Before leaving Washington, DC for the holidays, Congress passed a continuing resolution, or CR, to fund the federal government through March 2025. The CR also includes a farm bill extension, disaster aid, and several healthcare provisions. ​

The CR did extend current telehealth flexibilities, quality measure funding, and the work geographic index floor (GPCI) through March 2025. Additionally, the bill averts a potential across-the-board Medicare payment reduction resulting from statutorily mandated PAYGO requirements.​

Although early versions of the CR included an additional increase to the Medicare Physician Fee Schedule (MPFS) conversion factor (CF), broader politics prevented this provision from inclusion in the final package signed into law.


For more information contact Rebecca Spangler, ACR Senior Government Affairs Director.


Medicare Payment​

In the CY 2025 Medicare Payment Fee Schedule (MPFS) final rule, released November 2024, included a positive budget neutrality update to the MPFS conversion factor (CF) of 0.02%. However, expiration of short-term relief added by Congress for 2024 results in a 2025 MPFS CF that is approximately -2.83% below the 2024 CF​.

ACR and the physician and non-physician provider group community will continue to advocate for short-term relief at the earliest possible legislative opportunity, most likely Q1 of 2025. 

The provider community will continue to work with Congress on long-term Medicare payment reform. Potential solutions include, but are not limited to, an annual inflationary update to the MPFS (based on Medical Economic Index) and tweaks to the statutorily required application of budget neutrality which we believe will help stabilize the payment system. Substantive Medicare payment reform will be a multi-year effort that will need the collaboration of the entire provider community and a willingness from Congress to make a significant investment in the program.
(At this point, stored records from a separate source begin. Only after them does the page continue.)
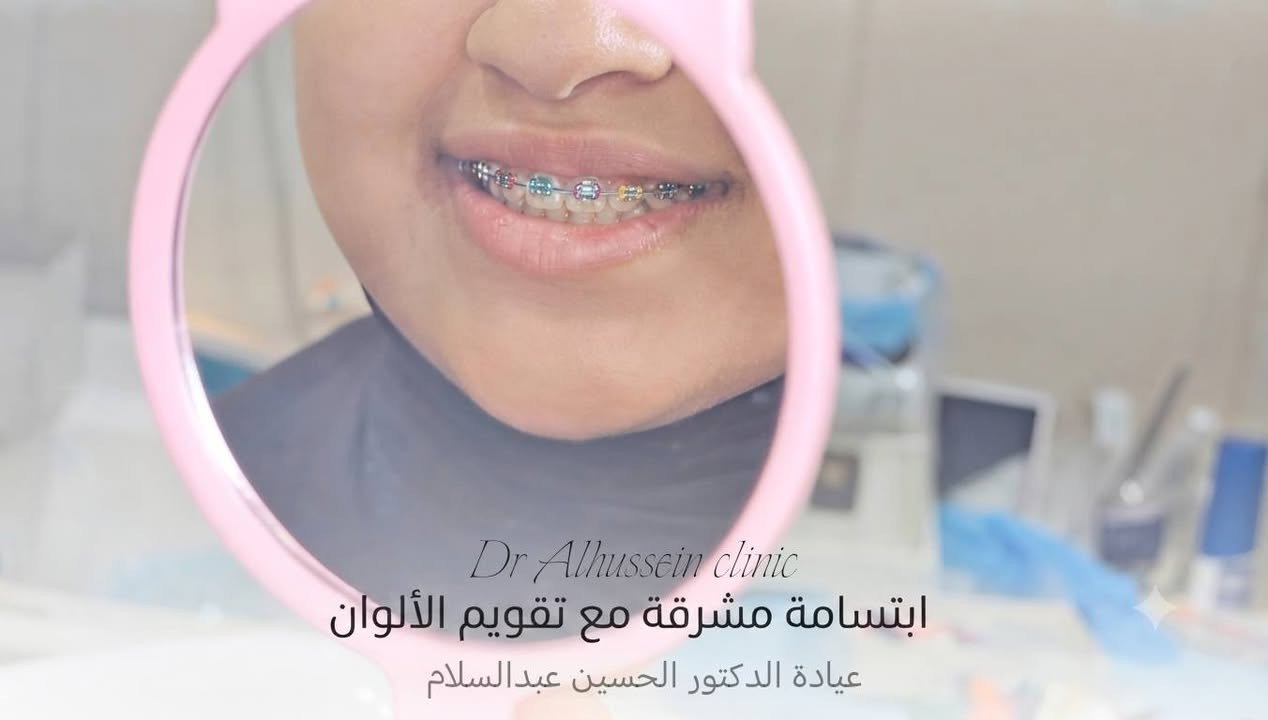 مع تقويم الأسنان في عيادة الدكتور الحسين عبد السلام، نضمن لك خطوات متقنة لابتسامة متناسقة 
اختار ألوان التقويم اللي تحبها وخلي رحلة التغيير مميزة! 🦷
📍 للحجز والاستفسار:
📞 رقم الهاتف: [***********]
📌 العنوان: [ديالى هبهب مدخل هبهب القديمة]
#طب_أسنان #تقويم_أسنان #ابتسامة_هوليوود #عيادة_أسنان #صحة_الأسنان

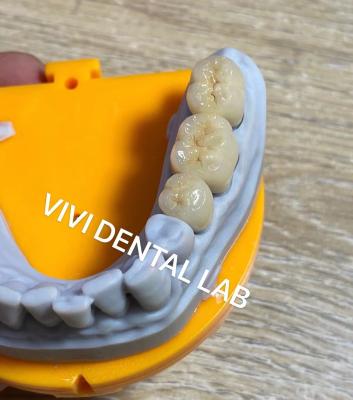 Cina Corone dentali digitali ad alta precisione in vendita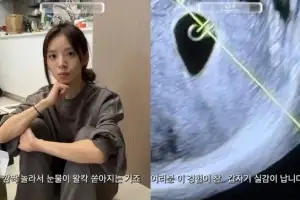 thumbnail - 김지영, 임신 7주차에 갑작스러운 낙상사고…눈물 쏟았다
For more information contact Ashley Walton​, ACR  Government Affairs Director.


Physician Workforce​

With the passage of a “clean CR”, Congress did not take action to address shortages of radiologists or other health care professionals before year-end. Just as the 118th Congress adjourned, Sens. Cortez Masto (D-NV), Cassidy (R-LA.), Cornyn (R-TX), and Bennet (D-CO.), all members of the Senate Finance Committee and a bipartisan Medicare Graduate Medical Education (GME) working group, released draft legislative text to improve the Medicare GME program. The legislation would: ​

• Expand Medicare-supported residency positions in areas and specialties with critical shortages, like primary care and psychiatry. 

• Support rural hospitals in building residency training infrastructure. 

• Improve federal data collection to better allocate GME funding and address workforce gaps ​

Specifically, the proposal would add 5,000 Medicare-funded residency slots to train new doctors from 2027 through 2031. A quarter of the new slots would go to training primary care doctors, and 15 percent would go to training psychiatrists. The legislation aims to target shortages in rural and underserved areas, which would get priority when the new slots are distributed. 

This framework could be used as a basis for legislation in 2025 and ACR will continue to advocate to Congress for several short and long-term solutions to address the shortage of radiologists.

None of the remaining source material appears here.